Viviamo in una corsa al ribasso costante ma non vediamo che mentre compriamo cose per pochi euro, di qualità sempre più scadente, ci perdiamo tutti, noi compresi.
Siamo concentrati sul pensiero di pagare sempre meno vestiti e accessori, perché guadagniamo sempre meno.
O perché ci hanno abituato a comprare sempre più spesso?
Se spendiamo sempre peggio avremo sempre bisogno di qualcosa di nuovo. Non saremo mai soddisfatti.
Avete presente quella sensazione per cui l’armadio è pieno di roba ma sembra di non avere mai niente da mettersi?
Comprare poco, comprare bene, ripagando in modo equo il produttore potrebbe essere un modo per generare più benessere per tutti. Tanto più che il nostro paese poi è ricchissimo di brand indipendenti, produzioni di qualità e spesso ecologiche.

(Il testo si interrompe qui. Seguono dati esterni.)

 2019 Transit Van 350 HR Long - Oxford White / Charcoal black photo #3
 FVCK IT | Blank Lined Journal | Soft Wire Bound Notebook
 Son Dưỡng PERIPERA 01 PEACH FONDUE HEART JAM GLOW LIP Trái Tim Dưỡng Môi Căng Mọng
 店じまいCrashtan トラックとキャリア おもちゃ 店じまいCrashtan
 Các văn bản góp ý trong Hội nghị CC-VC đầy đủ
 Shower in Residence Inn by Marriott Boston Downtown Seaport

E’ un tema che mi tocca molto da vicino, essendo socia di un brand indipendente e occupandomi di comunicazione.
Soprattutto grazie a questo lavoro ho avuto occasione di conoscere colleghi e realtà creative italiane che lavorano con grande attenzione alla qualità, spesso anche con criteri ecologici rigorosi.
Per Bologna esiste anche una guida alle produzioni creative indipendenti (non solo abbigliamento).
Immaginatevi cosa c’è nel resto d’Italia.
Non riesco a smettere di pensare che se scegliessimo meglio i nostri acquisti potremmo veramente vivere meglio, lavorare serenamente in attività che ci gratificano, in questo paese pieno di creatività, di gusto, di cose belle.
Ovviamente si tratta di un percorso, di analizzare le nostre priorità, facendo comunque i conti con la disponibilità economica, ma non ci credo quando ci raccontano che non abbiamo scelta.
Abbiamo sempre una scelta.
Che spendiamo 10 euro o 100 sosteniamo comunque una economia o un’altra.
Diamo i nostri soldi a chi ha prodotto materialmente un bene o a strutture gigantesche che investono più su comunicazione, immagine, distribuzione, logistica, perché la produzione costa pochissimo: a pagarla cara sono i lavoratori e l’ambiente.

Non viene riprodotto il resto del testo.